このセラミック多層基板の製造方法によれば、グリーンシート及び補助グリーンシートを軟化でき、減圧包装時における乾燥パターンの押圧変形をより確実に抑えられる。
【0018】
このセラミック多層基板の製造方法において、前記静水圧を加えて前記圧着体を形成す
るとき、前記グリーンシート及び補助グリーンシートを加熱しながら前記静水圧を加えてもよい。
【0019】
このセラミック多層基板の製造方法によれば、グリーンシート及び補助グリーンシートを軟化でき、積層体に静水圧を加えて圧着体を形成しているときでも融着パターンの押圧変形を、より確実に抑えられる。
【発明を実施するための最良の形態】
【0020】
以下、本発明を具体化した第一実施形態を図1〜図7に従って説明する。図1は、本発明の製造方法を用いて製造したセラミック多層基板からなる回路モジュールの断面図である。
【0021】
図1において、回路モジュール1は、セラミック多層基板としての低温焼成セラミック(LTCC:Low Temperature Co-fired Ceramics )多層基板2と、LTCC多層基板2に接続された半導体チップ3とを有する。
【0022】
LTCC多層基板2は、積層された複数の主LTCC基板4と該主LTCC基板4の上下両側又は一側に配設された複数の補助LTCC基板4sを有する。

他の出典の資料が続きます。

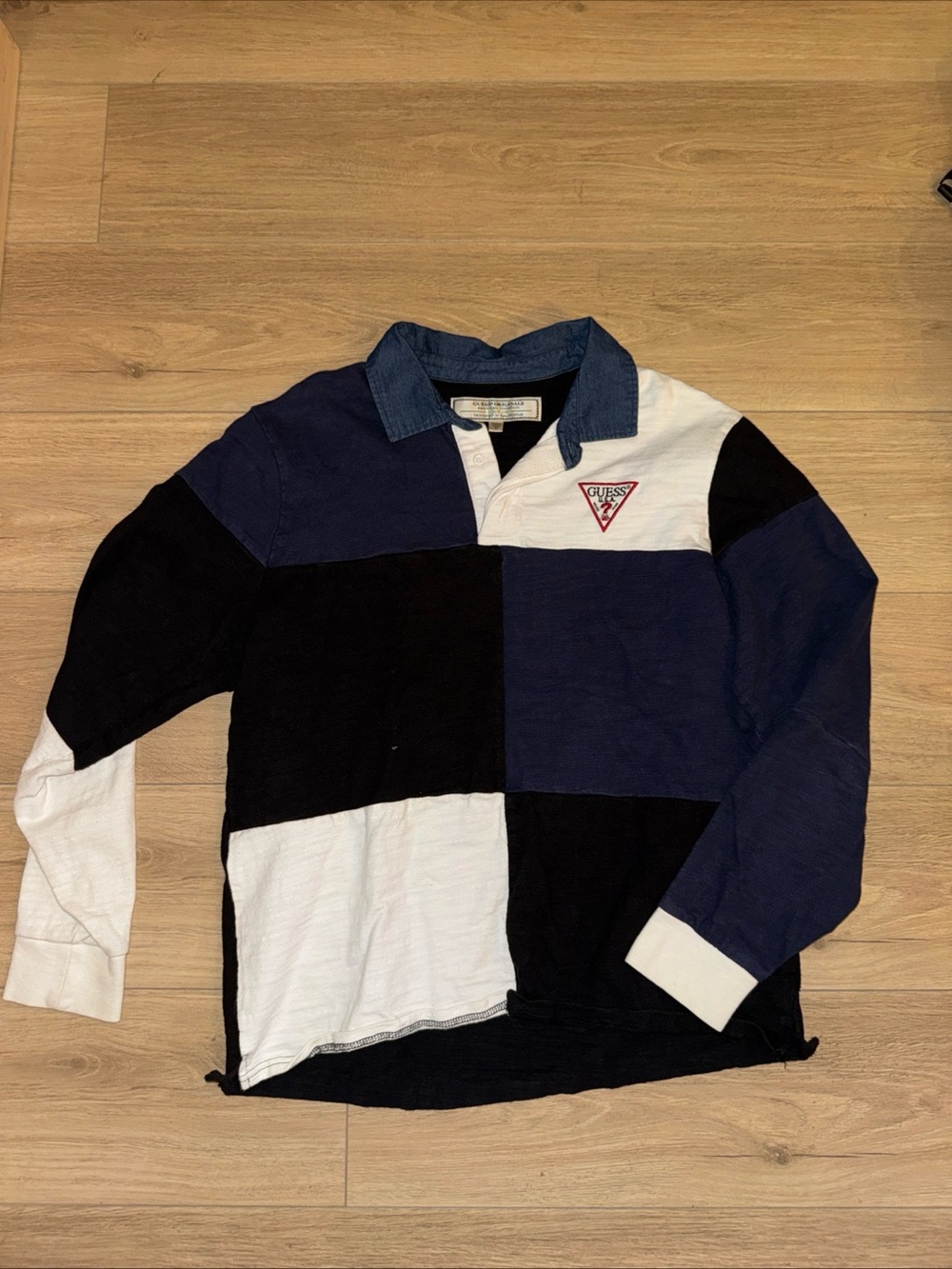 Guess Patchwork Rugby Shirt in Navy, Black & White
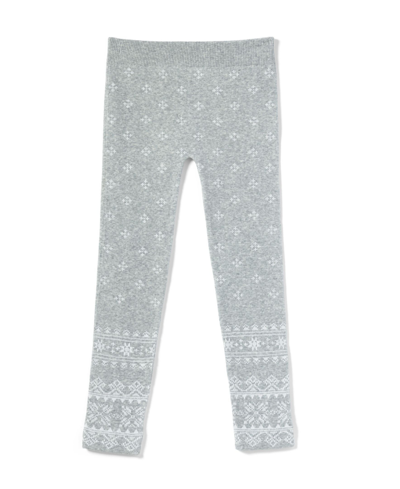 Hue Big Girls Fairisle Seamless Leggings In Heather Gray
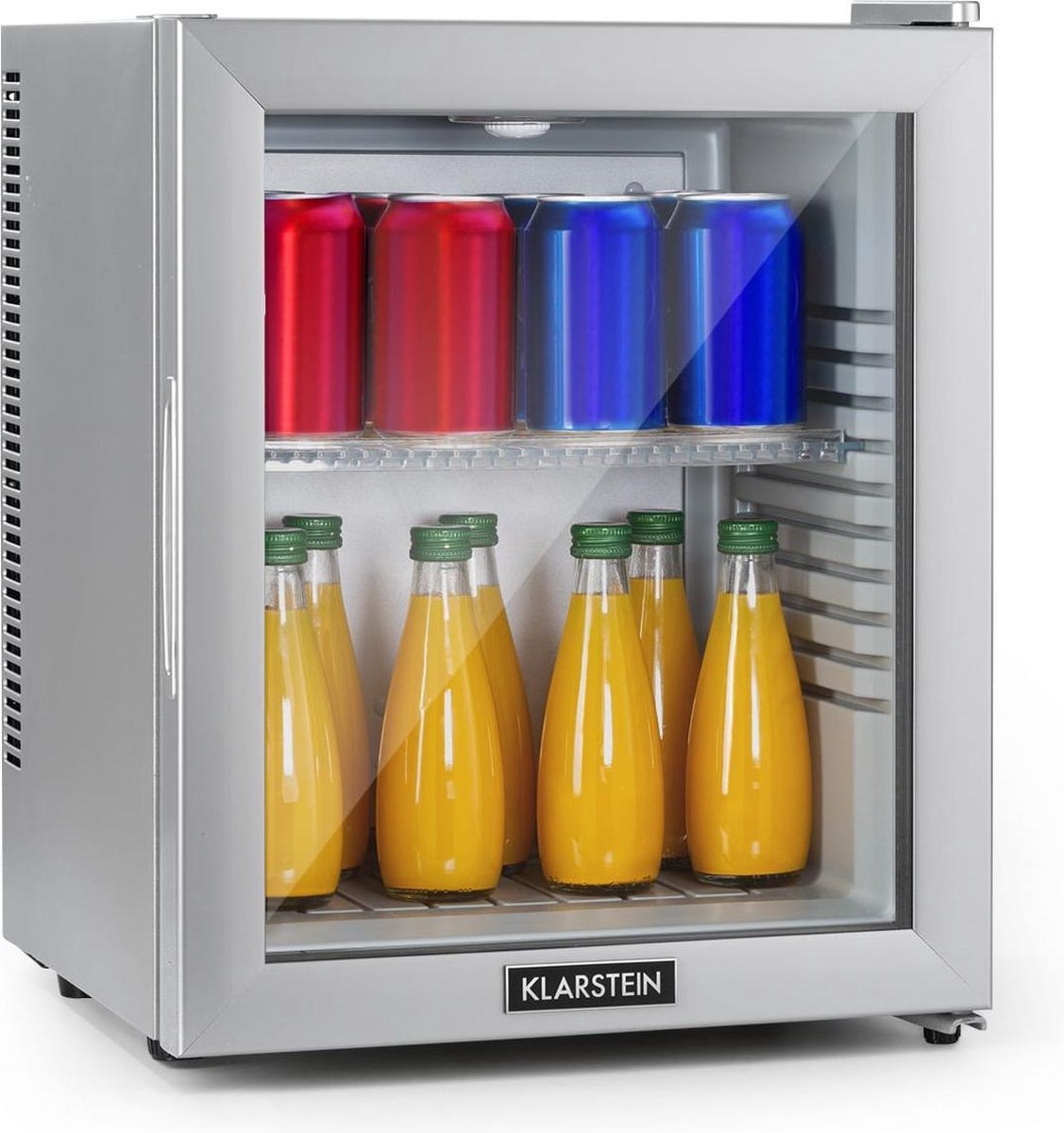 Klarstein Brooklyn 24 Silver mini-koelkast - barmodel koelkast 24 liter - glazen deur - led schap  - zilver
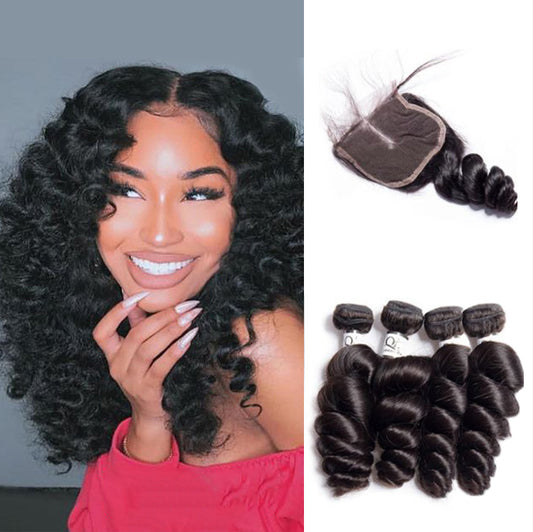 Queen Life hair 9A 4 Bundles With Lace Closure Loose Wave Brazilian Human Hair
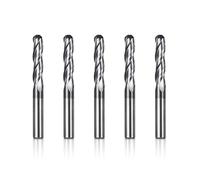 Genmitsu 5 pezzi frese a testa sferica CNC router bits, 1/4" gambo in acciaio al tungsteno CNC Cutter con 3-Flute Carving Bit Set, 2-3/8" lunghezza totale, TiAlN rivestito, 3BNC05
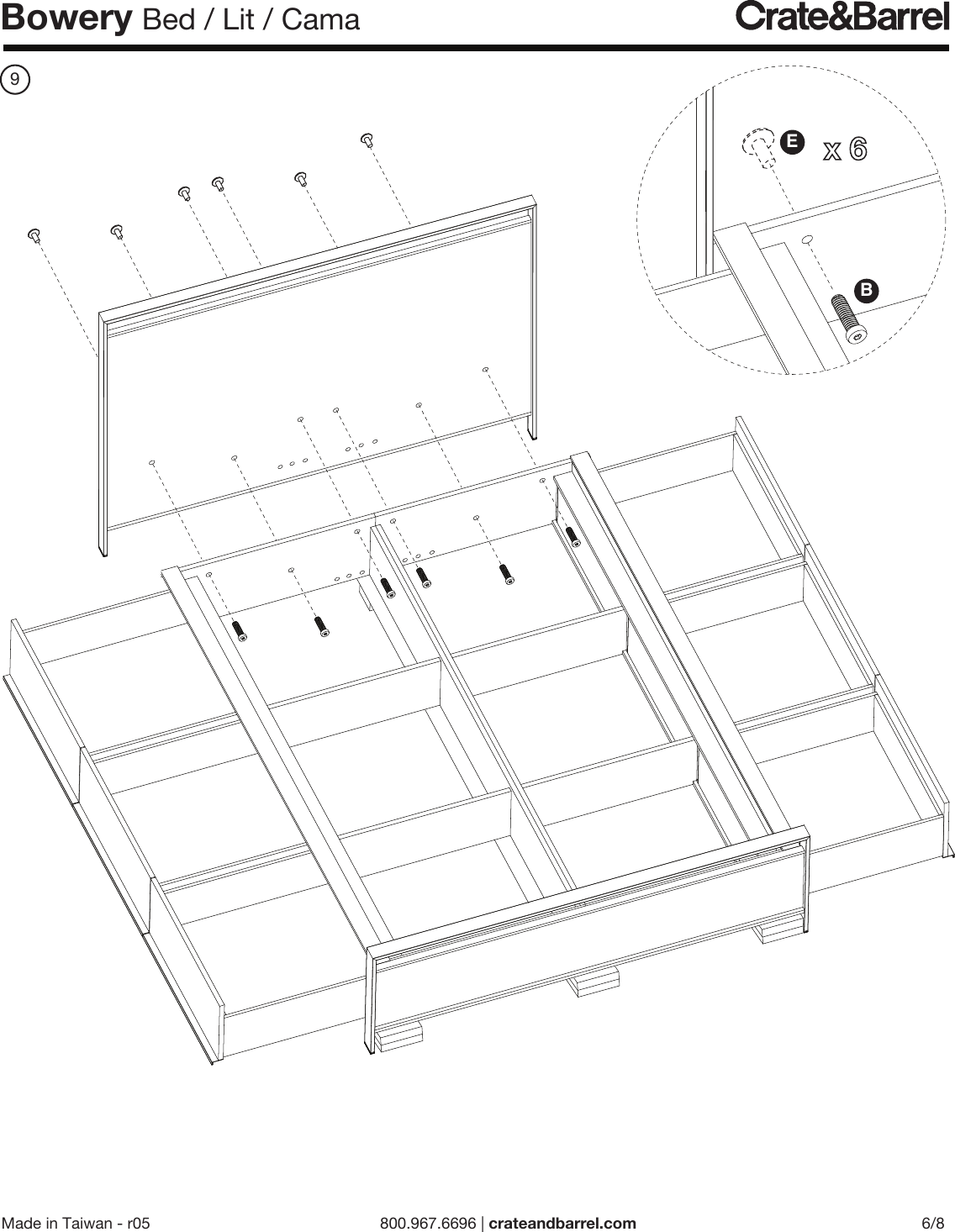 Page 6 of 8 - Crate-Barrel 304-Bowery-Bed-Ml Bowery Bed ML Assembly Instructions From Crate And Barrel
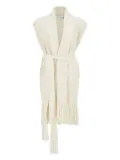 Gabriela Hearst Teagan fringed belted cashmere vest - Neutrals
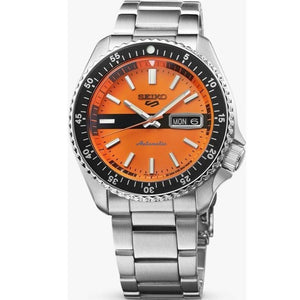 Buy Shop Seiko 5 Sports Double Hurricane Retro Orange Dial Silver Steel Strap Watch For Men - SRPK11K1 USA Online
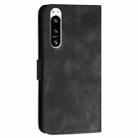 For Sony Xperia 5 IV YX0080 Grid Butterfly Embossed Pattern Flip Leather Phone Case with Lanyard(Black) - 3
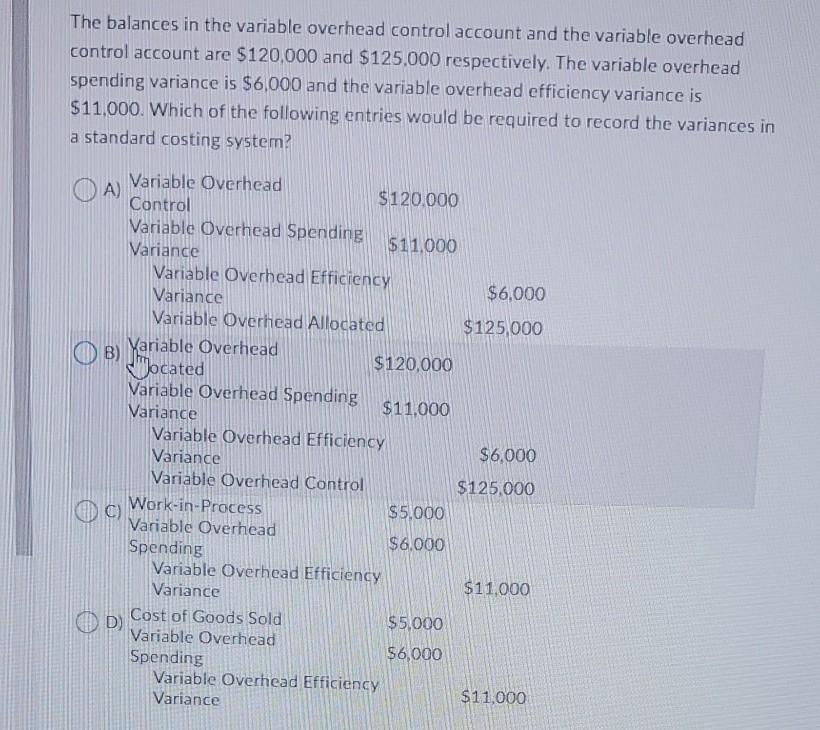 Solved The balances in the variable overhead control account | Chegg.com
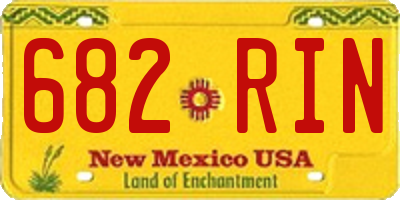 NM license plate 682RIN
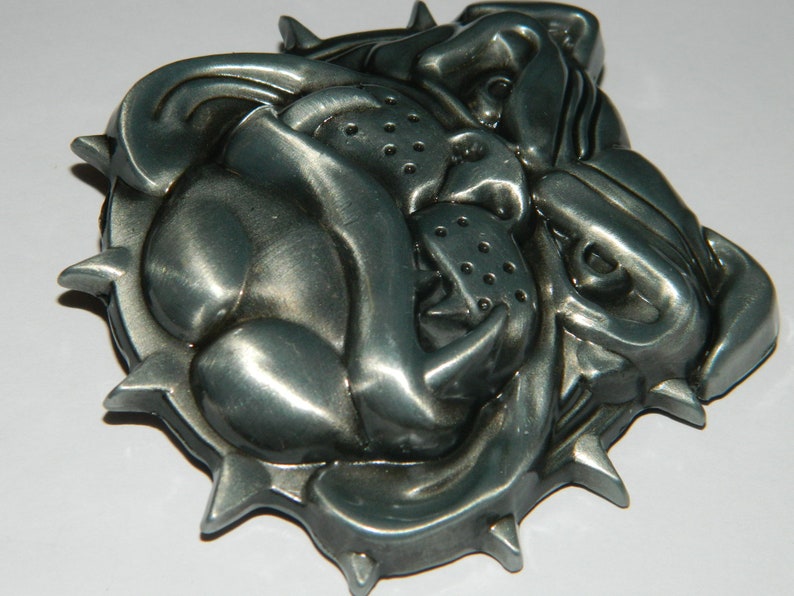 Unique Guys Belt Buckle Stylized Gray Metal Bulldog Belt Buckle Specialty Metal Belt Buckles Silver English Bulldog Metal Belt Buckle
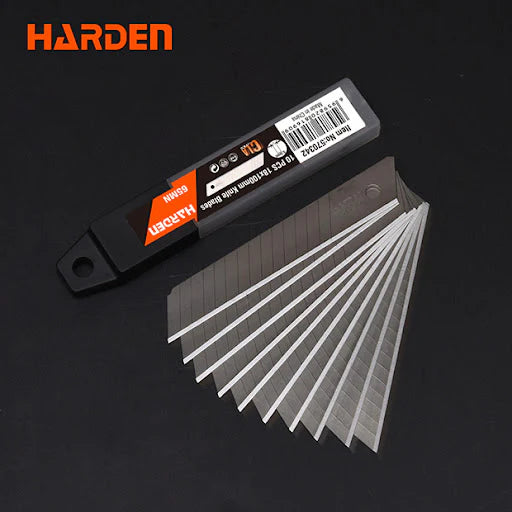 HARDEN 560342 10-Piece Professional 18mm Snap-Off Utility Knife Blades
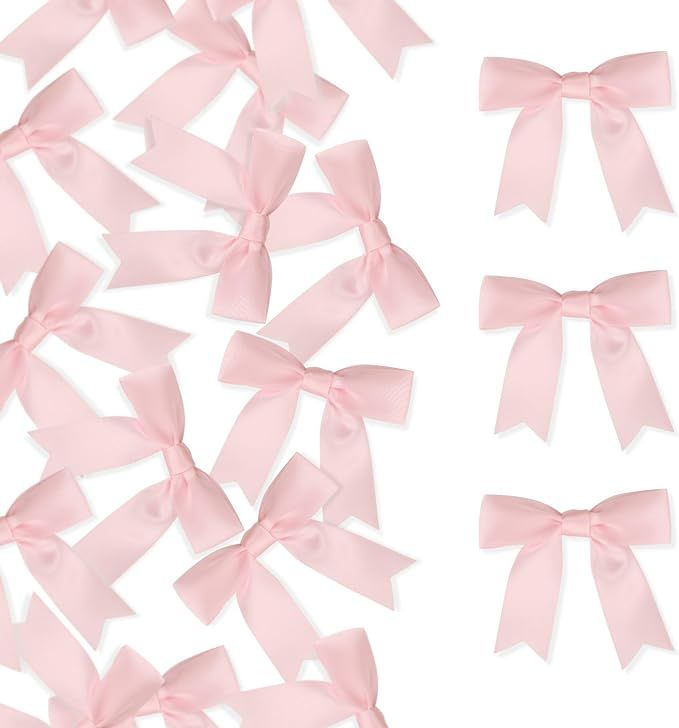 Meseey 100 Pcs Pastel Pink Satin Ribbon Bows with Twist Tie 2.5 Inch Pretied Premade Colored Craf... | Amazon (US)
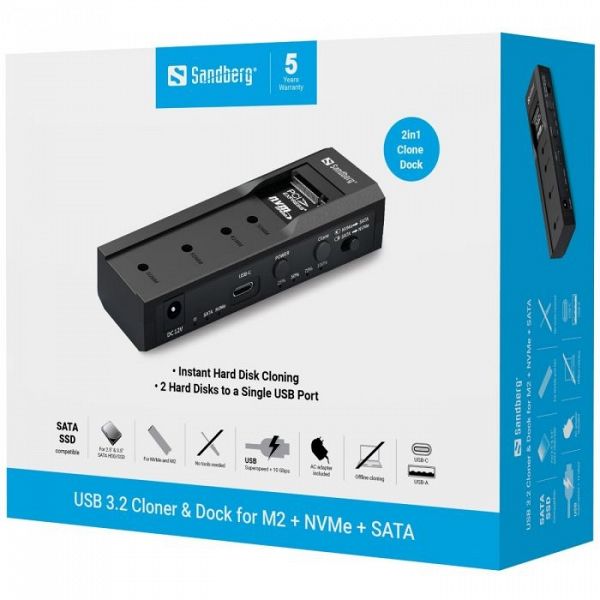 Sandberg USB 3.2 Cloner & Dock for M2 + NVMe + SATA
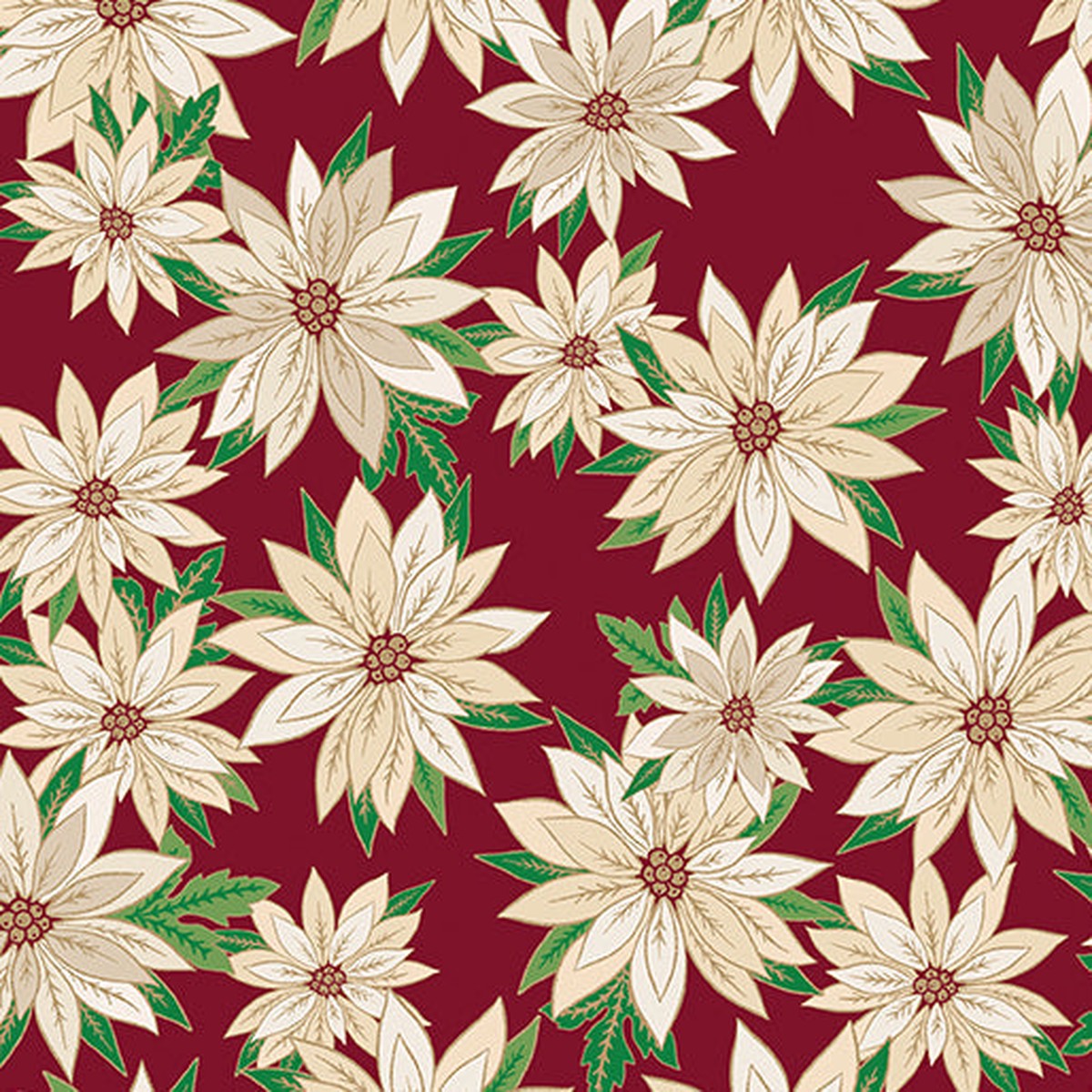 Poinsettias In Bloom Crimson Cotton 44"/45" Fabric Per Yard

各主LTCC基板4は、それぞれグリーンシートの焼結体であって、厚みが数十μ〜数百μmで形成されている。各主LTCC基板4には、抵抗素子、容量素子、コイル素子などの各種の回路素子5と、各回路素子5を電気的に接続する内部配線6と、スタックビア構造、サーマルビア構造を呈する所定の孔径(例えば、20μm)を有した複数のビアホール7と、該ビアホール7に充填されたビア配線8と、がそれぞれ回路設計に基づいて適宜形成されている。
【0023】
そして、回路素子5、内部配線6、及びビア配線8は、それぞれ導電性微粒子の焼結体であり、導電性インクを用いるインクジェット法によって形成される。
各主LTCC基板4の上下両側又は一側に配設された各補助LTCC基板4sは、主LTCC基板4と同様にそれぞれグリーンシートの焼結体であって、本実施形態では厚みが主LTCC基板4より若干薄く形成されている。また、各補助LTCC基板4sは、主LTCC基板4のビアホール7と対向する位置にビアホール7sが形成され、そのビアホール7sには、隣接する主LTCC基板4に形成したビア配線8と電気的に接続するビア配線8sが形成されている。
【0024】
次に、上記LTCC多層基板2の製造方法を図2〜図6に従って説明する。図2はLTCC多層基板2の製造方法を示すフローチャートであり、図3〜図6はそれぞれLTCC多層基板2の製造方法を示す工程図である。
【0025】
図2において、LTCC多層基板2の製造方法では、主LTCC基板4の前駆体である主グリーンシートに液状パターンを描画する描画工程(ステップS11)と、該液状パターンを乾燥し導電性微粒子の集合体よりなる乾燥パターンを形成する乾燥工程(ステップS12)とが順に実行される。次に、LTCC多層基板2の製造方法では、複数のグリーンシートを積層して積層体を形成する積層工程(ステップS13)と、該積層体を減圧包装する減圧包装工程(ステップS14)と、該積層体を圧着して圧着体を形成する圧着工程(ステップS15)と、該圧着体を焼成する焼成工程(ステップS16)とが順に実行される。
(描画工程)
図3において、描画工程では、主積層シート20と、液滴吐出装置21とが用いられる。主積層シート20は、キャリアフィルム22と、キャリアフィルム22上に形成された主グリーンシート23とからなる。
【0026】
キャリアフィルム22は、描画工程や乾燥工程において主グリーンシート23を支持するためのフィルムであり、例えば主グリーンシート23との剥離性や各工程における機械的耐性に優れたプラスチックフィルムを用いることができる。キャリアフィルム22には、例えば、ポリエチレンテレフタレートフィルム、ポリエチレンナフタレートフィルム、ポリエチレンフィルム、ポリプロピレンフィルムを用いることができる。
【0027】
主グリーンシート23は、ガラスセラミック粉末やバインダ等を含むガラスセラミック組成物からなる層である。主グリーンシート23の膜厚は、回路素子5としてコンデンサ素子を形成する場合に数十μmで形成され、他の層においては100μm〜200μmで形成される。この主グリーンシート23は、ドクターブレード法やリバースロールコータ法等のシート成形法を用い、分散媒でスラリー化したガラスセラミック組成物をキャリアフィルム22の上に塗布し、該塗布膜をハンドリング可能な状態に乾燥することによって得られる。
【0028】
分散媒としては、例えば界面活性剤やシランカップリング剤等を用いることができ、ガラスセラミック粉末を均一に分散させるものであれば良い。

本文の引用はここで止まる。